Do you have mental health issues in your family tree? If so, when were you made aware of such information? How far does mental illness go back in your family? Was it openly talked about or only brought up when major flares arose?

For most of my life mental health was not a part of the daily conversation, except in extreme cases where somebody was said to be manic and should therefore be avoided. When asked by physicians if there was any mental illness in my family’s history, I’d confidently say, “No,” because that was what I knew to be true. Growing up in a Christian household, things like depression and anxiety were a known sign of spiritual weakness. You just need to trust God and He will take away all your anxieties and fears.

Admitting something like depression, or dare-I-say-it suicidal thoughts, was sinful; only consistent prayer could cure such overwhelming sadness. Just give it to God and you’ll be fine! Even when I was prescribed medicine for a “nervous stomach” as a pre-teen, it never occurred to me that my anxiety was a form of mental illness. Shouldn’t my “nervous stomach” diagnosis have been a red flag that something was affecting my emotional well-being – something unspeakable that nobody else knew about?

I realize I’ve raised a lot of questions here, but it’s something that’s been on my mind lately. There are several people in my life who struggle with mental health issues, including myself and members of my family. Unfortunately, I never knew there was any form of mental illness in my family until I received a call from my mom 15 years ago informing me that my dad was laying on the floor in the living room with a knife to his wrist, wishing for death. This can’t be happening, I thought. My dad is an outreach pastor and has been a minister in church for most of my life. Shock didn’t even begin to describe my thoughts during that conversation.

How long had he struggled with mental health issues? How long had my mom been aware of his struggles? Who else in my family tree had some form of mental illness? These questions still cloud my brain. Several years before this suicidal incident with my dad, I was told by a doctor that I was struggling with depression. I emphatically disagreed. Nobody else in my family had ever dealt with any form of mental health issues. It’s just anxiety.

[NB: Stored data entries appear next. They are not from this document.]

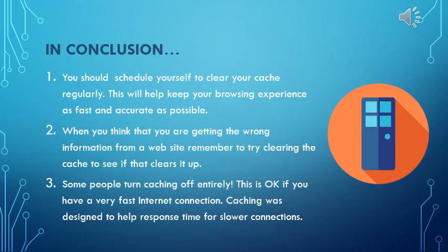As you move forward in your internet browsing life, remember you should schedule yourself to clear your cache regularly. This will help keep your browsing experience as fast and as accurate as possible. When you think you're getting the wrong information from a website or it's acting kind of erratically, remember to try clearing the cache to see if that clears it up. Some people turn their caching off entirely — this is okay if you have a very fast internet connection. Remember, caching was designed to help response time for slower connections. In our days of fiber, a lot of people can get away with not caching at all, so they never have this problem.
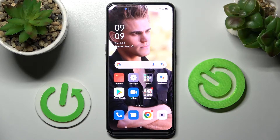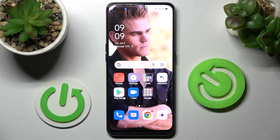Hi! In front of me is Oppo A940 5G and today I would like to show you how you can download and apply iOS launcher on this Oppo.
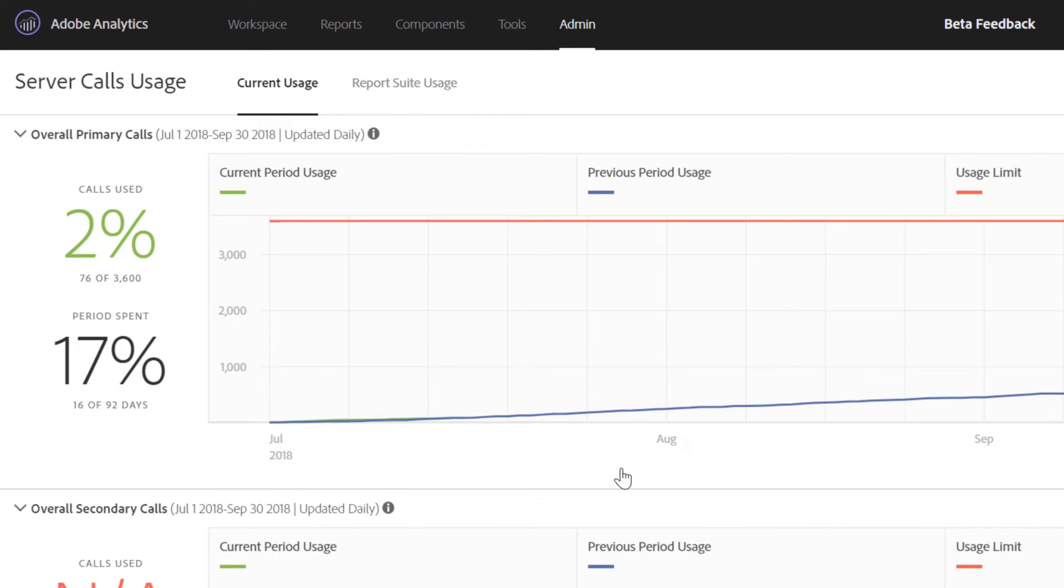First, we have the current usage tab. The current usage tab would be a visualization of all the server call types that you're entitled to and this would be consistent with your contract and could be different for different customers.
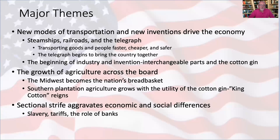Interchangeable parts also gave rise to factories, because now you could have an industrial setting where you could mass produce different products. Good for the economy and generally good for consumers, but it also caused the rise of cities and the growing issues we'll see over the next 50 years of struggles between labor and management. Agriculture across the board also grew. The Midwest became the nation's breadbasket, and increasing productivity in agriculture meant you didn't need as many farmers. As things like the Reaper and other primitive farm equipment came about, the United States was not only able to feed itself but became a food exporting country.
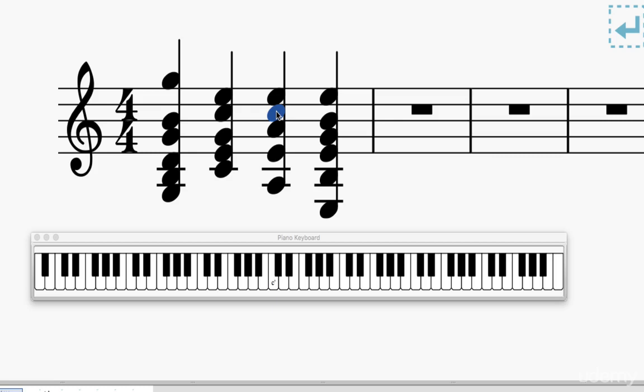So in this chord, we only get one C. We only get the third one time, and we get two Es and two As. So we have the root twice, the fifth twice, only one third. You would think that we would want more thirds if that's the powerful one. And yeah, sometimes that might be true. Sometimes it is, sometimes it isn't. The thing is, this is just how the guitar is set up. So this is how we strum an A minor chord.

Reluctantly, I started taking the Paxil she prescribed. I took the medicine AND showed some improvement for two years. When the doctor wanted to change my medicine to something stronger, somebody from my church suggested that maybe I wasn’t trusting God enough. They advised that, though it was my choice, if I gave “it all” to God, He would relieve my anxiety and/or depression so I wouldn't need to depend on medication. After that conversation I went off all medication; I didn’t want to be viewed as a person who couldn’t put all my trust in God.

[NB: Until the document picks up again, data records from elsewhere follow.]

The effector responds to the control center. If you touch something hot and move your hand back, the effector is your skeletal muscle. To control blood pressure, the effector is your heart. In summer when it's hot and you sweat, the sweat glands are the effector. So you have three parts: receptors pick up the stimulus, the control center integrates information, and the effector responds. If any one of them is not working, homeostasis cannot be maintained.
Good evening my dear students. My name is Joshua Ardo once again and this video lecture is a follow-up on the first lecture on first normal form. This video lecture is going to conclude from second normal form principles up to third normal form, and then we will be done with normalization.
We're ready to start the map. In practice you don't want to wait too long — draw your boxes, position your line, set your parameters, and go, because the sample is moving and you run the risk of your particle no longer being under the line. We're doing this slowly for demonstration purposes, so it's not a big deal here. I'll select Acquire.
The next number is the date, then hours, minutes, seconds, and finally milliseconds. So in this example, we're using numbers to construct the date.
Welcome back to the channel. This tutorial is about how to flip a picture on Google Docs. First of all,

No amount of trusting God or prayer helped me as much as taking the medicine. I felt like a failure as a Christian. That I couldn’t do it right – I couldn't live right. More anxiety. Many years later, I started having panic attacks that affected my ability to function and communicate effectively at home and at work. It also resulted in a semester-long delay from the classes I was taking toward my Associate degree. I had no choice but to go on medication again.

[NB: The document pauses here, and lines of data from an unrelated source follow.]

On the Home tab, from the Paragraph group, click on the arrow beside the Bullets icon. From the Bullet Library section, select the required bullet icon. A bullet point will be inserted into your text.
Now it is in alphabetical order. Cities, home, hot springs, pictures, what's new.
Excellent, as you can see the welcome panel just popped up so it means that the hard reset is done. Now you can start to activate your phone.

Should we, my siblings and I, have known about my dad’s struggles? Would it have helped us to know this family history while we were growing up, or when we began our own families? I think it would have helped us to know at least some of what was going on behind the scenes. It would have helped me. Being able to inform my doctors that there was mental illness in our family could have given them insight into treating my mental health more efficiently, which may have improved my parenting and other relationships.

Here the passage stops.